Liberman Zig-Zags, Now Opposes Camera Law

YERUSHALAYIM
Yisrael Beytenu chairman Avigdor Liberman.
(Noam Revkin Fenton/Flash90)

In a political “zig-zag,” Yisrael Beytenu head Avigdor Liberman said Monday that his party would not support the Camera Law that seeks to place cameras in polling places in an effort to prevent voter fraud.

Speaking at a meeting of his party’s MKs, Liberman said that the only way he would support the placement of cameras was with the cooperation of the Central Elections Committee – which opposes the Camera Law.

As it stands now, the placement of cameras will be “directed by the militias of Binyamin Netanyahu, and this cannot be allowed. The law clearly gives him extra power and makes things unequal. Netanyahu’s law is not one of supervision, but one of disturbing and stealing the elections. If our demands on the law are not taken into consideration, we will vote against it.”

With that, Liberman said, “we are in favor of supervision of the elections, as long as it is the same supervision for everyone, conducted by an official body. You cannot discriminate on the basis of parties,” which, Liberman said, the law does. Regarding his “flip-flop,” in which he said several times – as recently as Sunday afternoon – that his party would support the law, Liberman said that “we saw the law for the first time Sunday and we were shocked.”
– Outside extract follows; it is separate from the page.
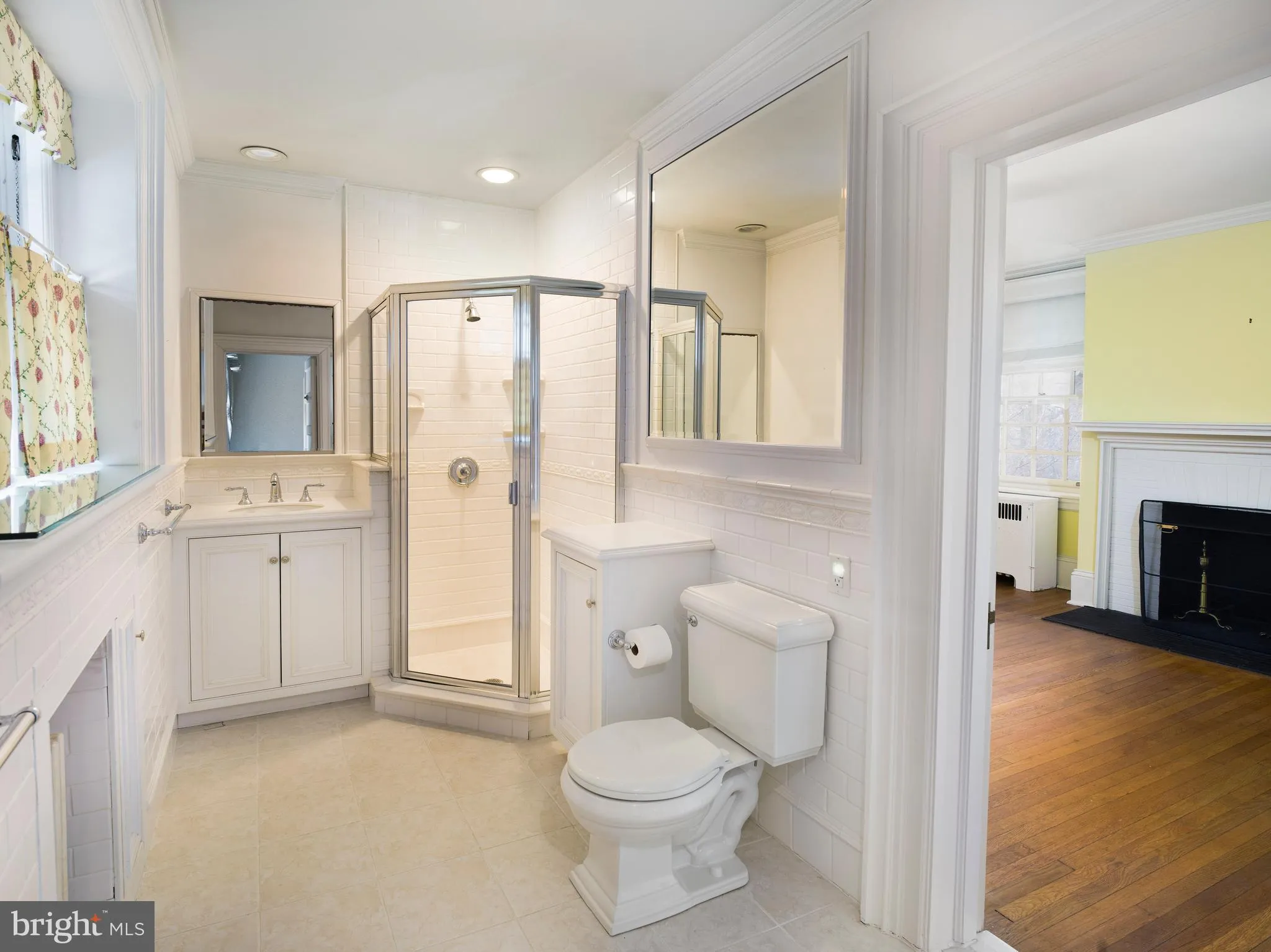 Ardmore, Pennsylvania 19003, United States, 7 Bedrooms Bedrooms, ,5 BathroomsBathrooms,Residential,Contingent,76495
Without Liberman’s votes, the Likud, which is sponsoring the bill, will not be able to get a 61 vote majority in the Knesset, even for the bill’s first reading, which is set for later Monday. The coalition has 59 definite votes, with MK Ro’i Falkman of Kulanu also declaring that he would vote against the bill. The bill’s only chance of passage is absence or abstention by one of the opposing parties. In a statement, the Likud said that it would proceed with the legislation.

MK Rabbi Uri Maklev (United Torah Judaism) said that the only reason Liberman was opposed to the law was “to continue the current situation and enable his people to fraudulently record votes, as they have done in the past. It’s an upside-down world – they blame the chareidi public for election fraud, but the chareidi parties support the law. Meanwhile those who accuse us baselessly are the ones who have all sorts of excuses for opposing the law.”

Quick to defend Liberman was Blue and White head Benny Gantz, who said that “the Camera Law is Netanyahu’s latest bluff to hide the fact that we have lost our deterrence in the south. This will not fool Israelis. The only one who is trying to fake anything in these elections is Netanyahu.”